El presidente Zelensky fue recibido ayer por el papa Francisco en el Vaticano. La primera reunión desde el inicio de la guerra de Ucrania. Un encuentro en el que para muchos el papa adquiere un rol equidistante y en el que para otros se implica demasiado, sabiendo que este tipo de valoraciones dependen demasiado del calibre ideológico del que lo formule, dicho sea de paso. Podremos especular todo lo que queramos, pero la mayoría de la información no la tenemos.

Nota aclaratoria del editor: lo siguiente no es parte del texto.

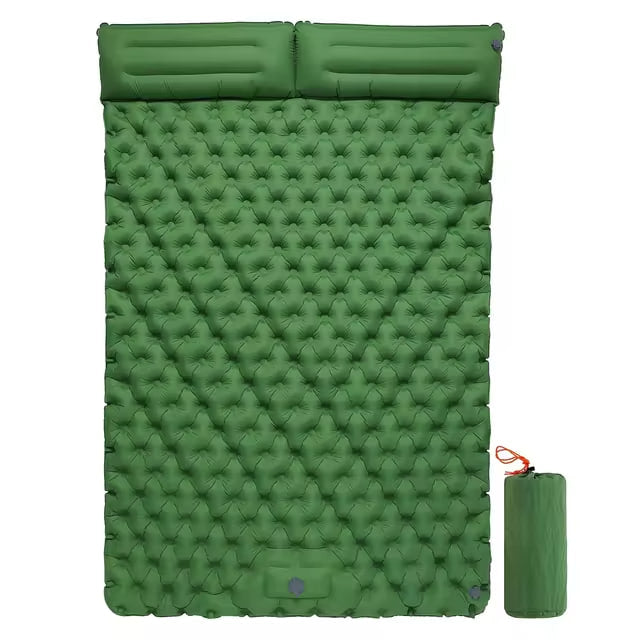 Camping Mattress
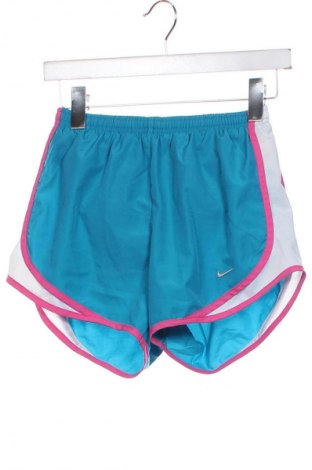 Damen Shorts Nike, Größe XS, Farbe Mehrfarbig, Preis € 21,99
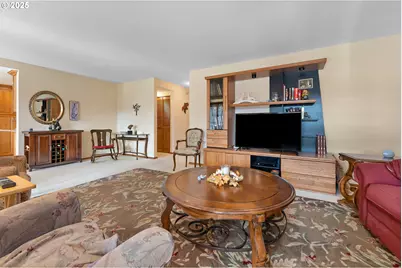 15435 SW 114th Ct #99, Tigard, OR 97224 - Photo 6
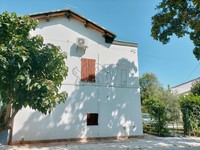 Casa Indipendente Faenza (RA) 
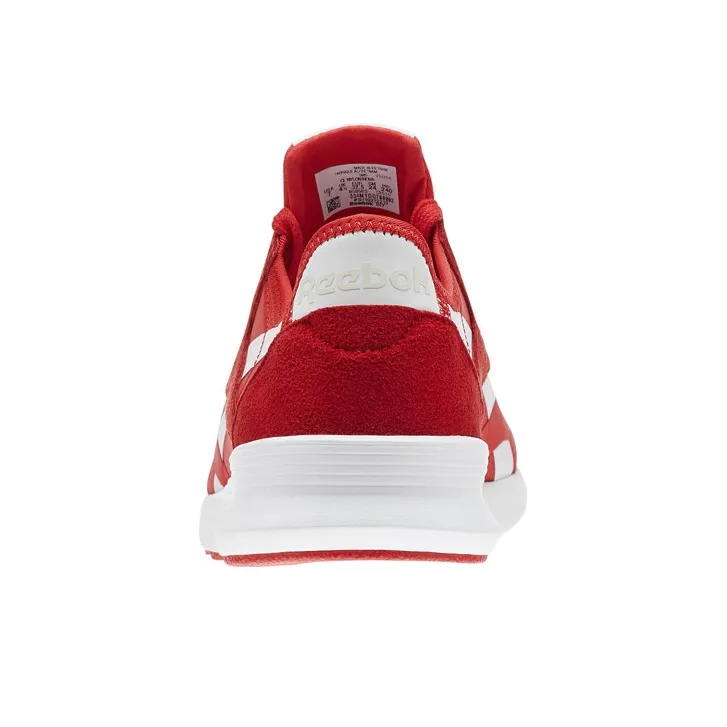 Reebok Classic Nylon Women's-3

Sin embargo, más allá de lo que más o menos pueda hacer el papa, hay algo que no se puede discutir: el deseo de hacer de la Iglesia un espacio de reconciliación entre personas, pueblos, religiones y culturas. Y esto, en un mundo que vive sometido a demasiados intereses particulares ya es un logro considerable. No se trata de un juego de equilibrios propio de la diplomacia, es el sueño de una humanidad capaz de vivir en paz y en comunión. Es tan profético como novedoso.

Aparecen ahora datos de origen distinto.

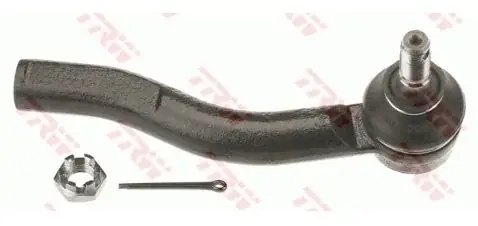 Oferta limitowana TRW Końcówka drążka kierowniczego poprzecznego JTE2082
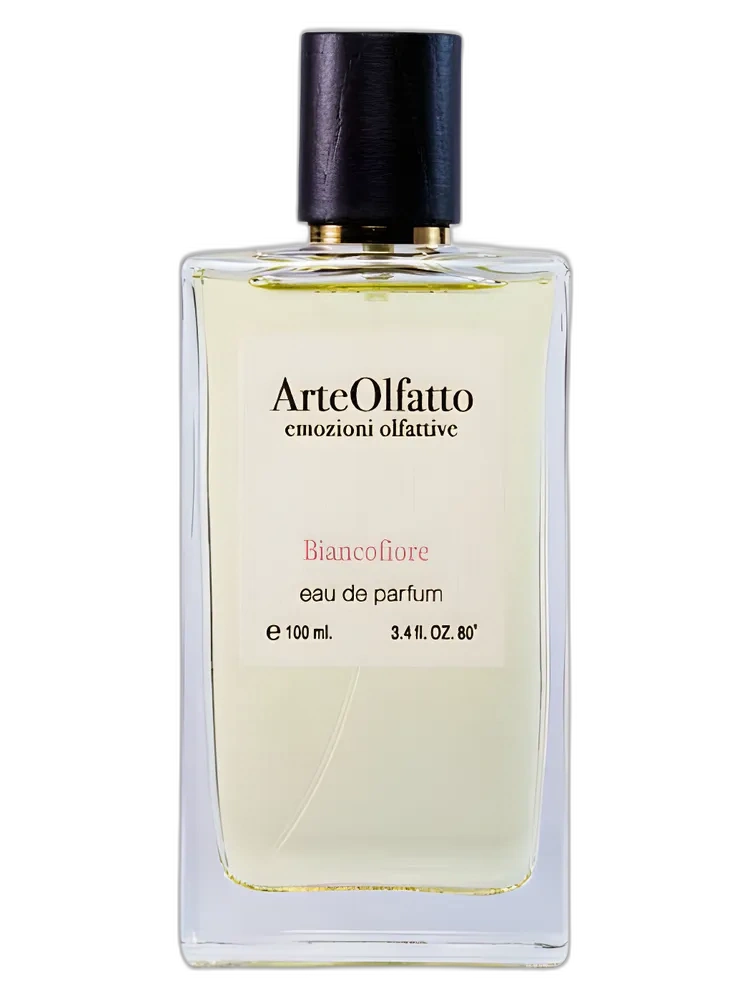 Biancofiore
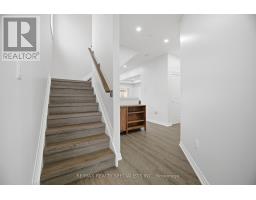 4259 Shuttleworth Drive, Niagara Falls, ON L2G3P6 Photo 17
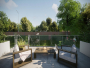 architecture home design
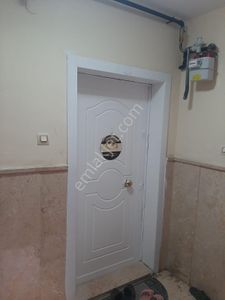 Konut-Daire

Y quizás detrás de la foto, a mí me gusta imaginar lo que no hemos visto en los medios –porque no todo es oscuro en los pasillos de Roma, como hacer creer algunos–. Es el trabajo de Bergoglio y de su equipo hablando con unos y con otros, las cartas revisadas una y otra vez, las llamadas y tantos desvelos, las cientos de reuniones y las oraciones desesperadas. Porque es en estos casos donde se palpa cómo la vida oculta es mucho más importante que lo que sale en la foto, es el trabajo sencillo y a la vez complicado por el Reino de Dios, y que disfrutarán muchos aunque no sean conscientes de ello. Porque aquí, como en otros tantos casos, es más importante el trabajo que no se ve.